§ **Source data**:

····················

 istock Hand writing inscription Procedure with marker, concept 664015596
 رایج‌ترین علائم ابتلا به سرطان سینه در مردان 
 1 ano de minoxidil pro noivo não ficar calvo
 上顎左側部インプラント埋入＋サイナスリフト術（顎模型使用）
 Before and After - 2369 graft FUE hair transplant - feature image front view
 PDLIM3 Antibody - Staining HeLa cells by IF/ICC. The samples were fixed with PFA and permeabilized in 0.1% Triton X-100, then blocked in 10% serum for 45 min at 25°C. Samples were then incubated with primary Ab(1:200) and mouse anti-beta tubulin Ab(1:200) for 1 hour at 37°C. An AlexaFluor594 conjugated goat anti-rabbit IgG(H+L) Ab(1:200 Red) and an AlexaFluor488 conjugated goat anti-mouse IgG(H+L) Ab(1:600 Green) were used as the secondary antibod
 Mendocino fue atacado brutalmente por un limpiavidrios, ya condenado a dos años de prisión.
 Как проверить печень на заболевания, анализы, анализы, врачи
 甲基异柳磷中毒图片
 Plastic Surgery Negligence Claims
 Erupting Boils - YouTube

····················

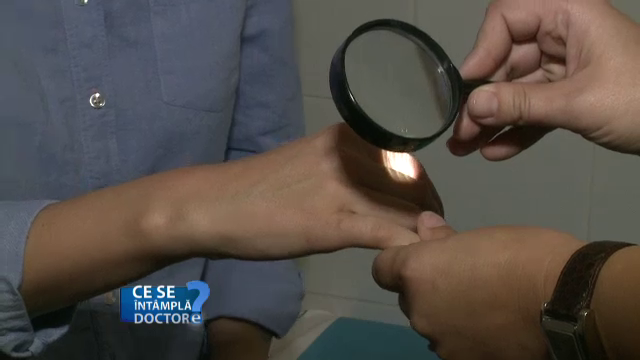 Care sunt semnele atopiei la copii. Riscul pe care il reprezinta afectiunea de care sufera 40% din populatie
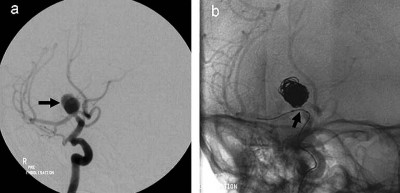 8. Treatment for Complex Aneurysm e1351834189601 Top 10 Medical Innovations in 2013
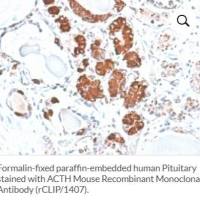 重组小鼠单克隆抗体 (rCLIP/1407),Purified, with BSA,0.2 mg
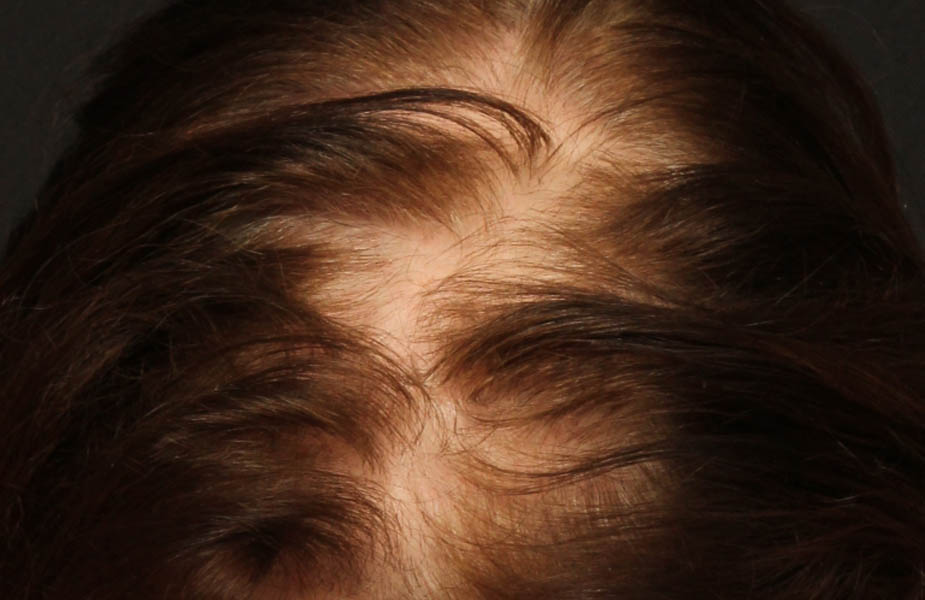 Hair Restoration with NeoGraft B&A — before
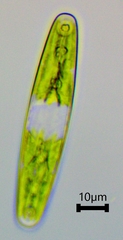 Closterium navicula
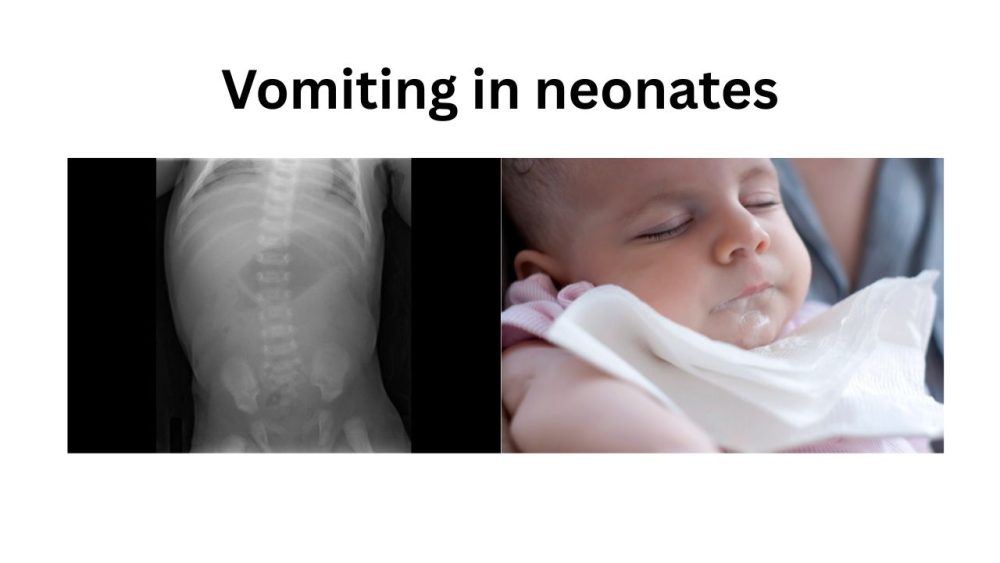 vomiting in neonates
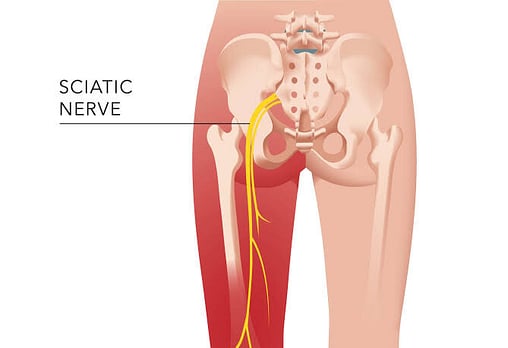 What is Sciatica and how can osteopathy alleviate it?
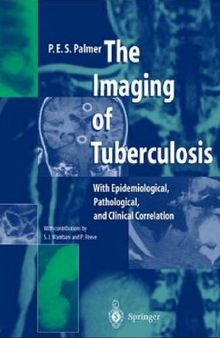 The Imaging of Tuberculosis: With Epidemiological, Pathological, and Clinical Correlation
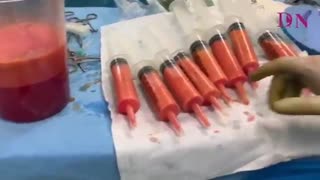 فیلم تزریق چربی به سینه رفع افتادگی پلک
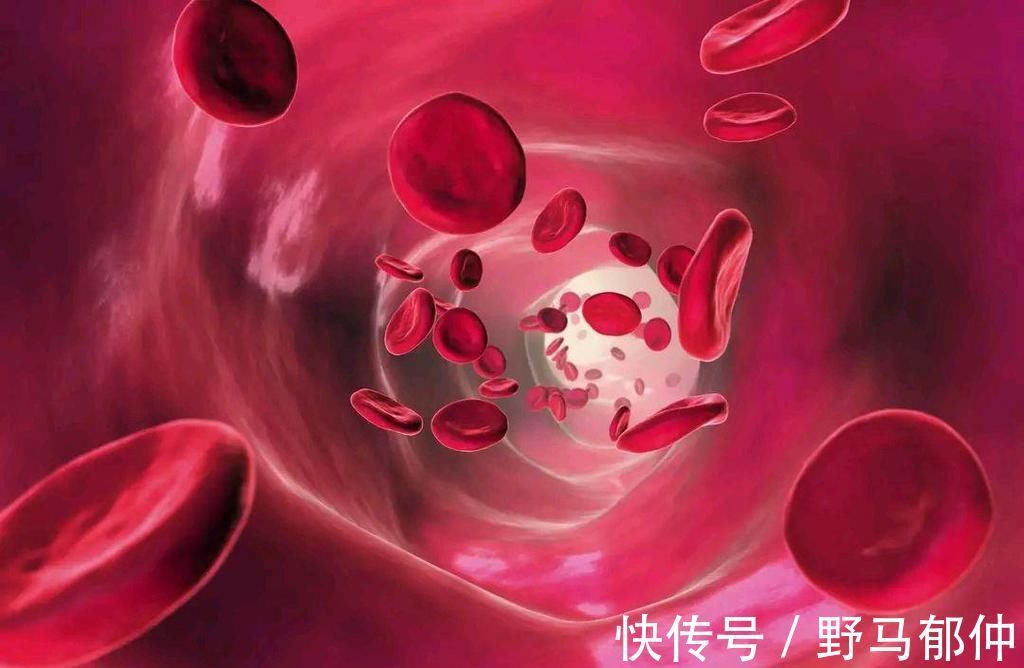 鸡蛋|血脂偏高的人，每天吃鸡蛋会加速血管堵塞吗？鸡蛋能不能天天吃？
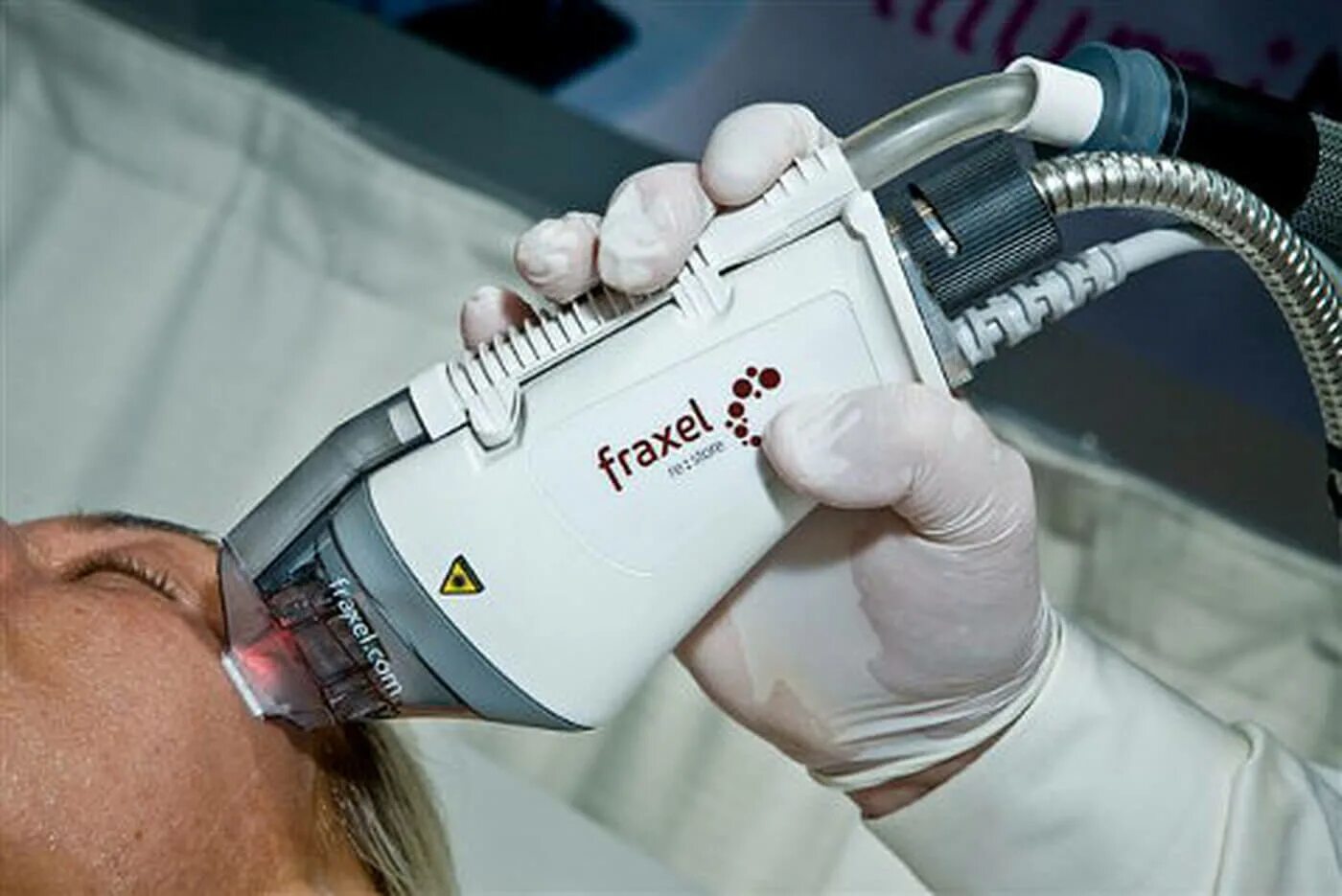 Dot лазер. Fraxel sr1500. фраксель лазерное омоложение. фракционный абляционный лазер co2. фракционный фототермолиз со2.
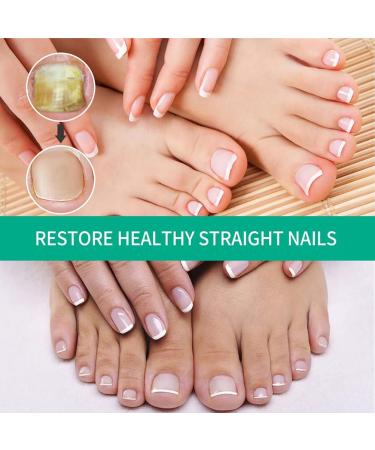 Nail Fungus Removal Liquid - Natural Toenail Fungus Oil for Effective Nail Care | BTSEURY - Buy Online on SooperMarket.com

····················

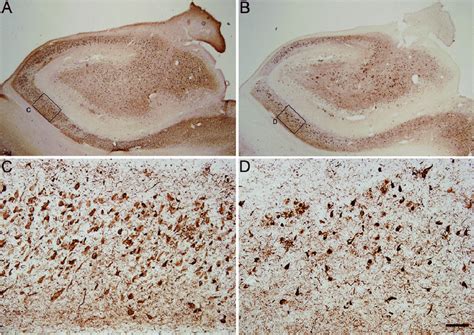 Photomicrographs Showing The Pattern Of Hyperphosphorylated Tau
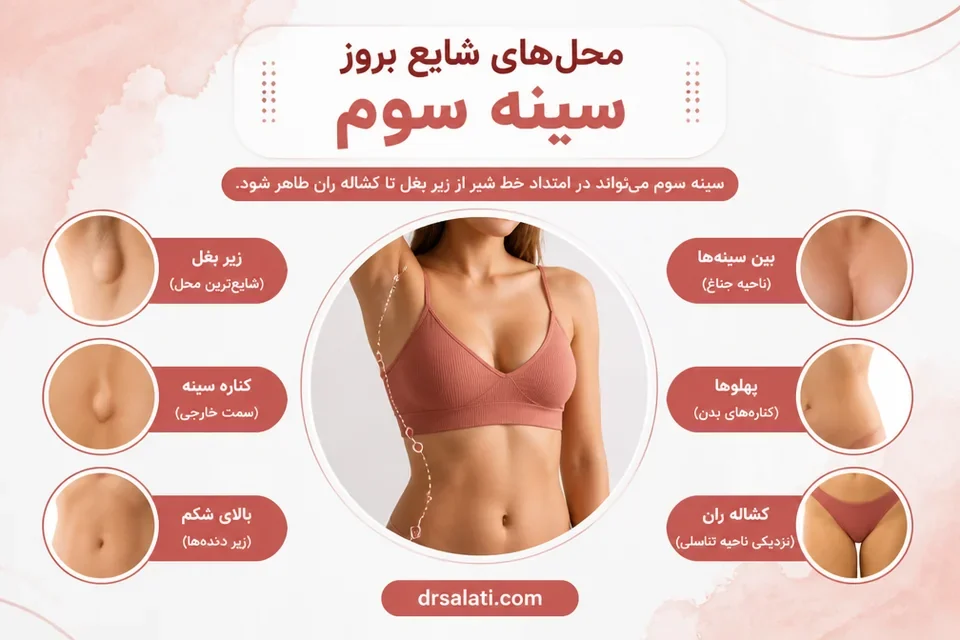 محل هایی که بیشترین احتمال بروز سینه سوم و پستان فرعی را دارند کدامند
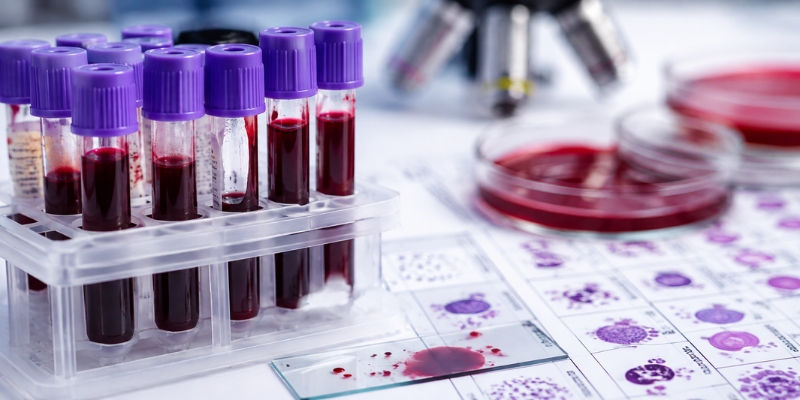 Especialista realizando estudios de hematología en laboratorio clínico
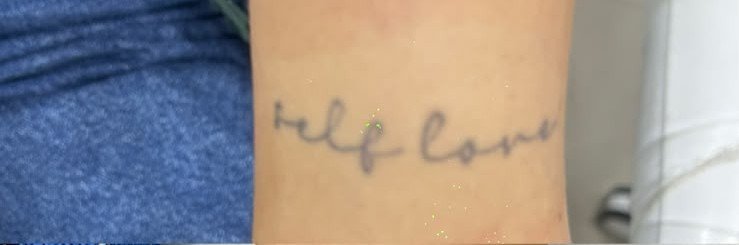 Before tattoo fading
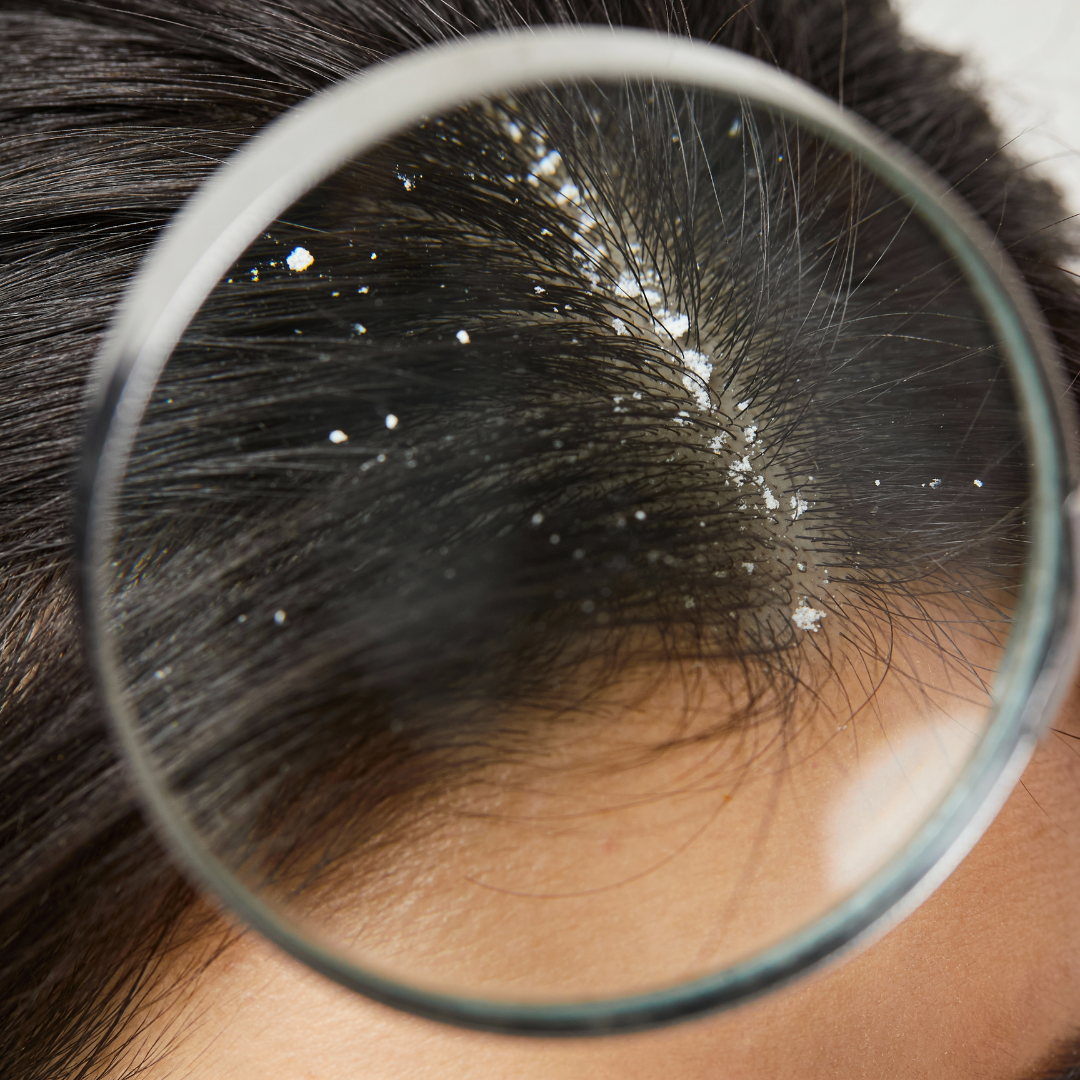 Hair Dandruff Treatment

····················

§ **What this task involves**: Nothing but the lines above from the one that has "Closterium navicula" down to the one that has "Nail Fungus Removal" belongs in the answer, copied exactly, without pictures.

§ **Response to this task**:
 Closterium navicula
 vomiting in neonates
 What is Sciatica and how can osteopathy alleviate it?
 The Imaging of Tuberculosis: With Epidemiological, Pathological, and Clinical Correlation
 فیلم تزریق چربی به سینه رفع افتادگی پلک
 鸡蛋|血脂偏高的人，每天吃鸡蛋会加速血管堵塞吗？鸡蛋能不能天天吃？
 Dot лазер. Fraxel sr1500. фраксель лазерное омоложение. фракционный абляционный лазер co2. фракционный фототермолиз со2.
 Nail Fungus Removal Liquid - Natural Toenail Fungus Oil for Effective Nail Care | BTSEURY - Buy Online on SooperMarket.com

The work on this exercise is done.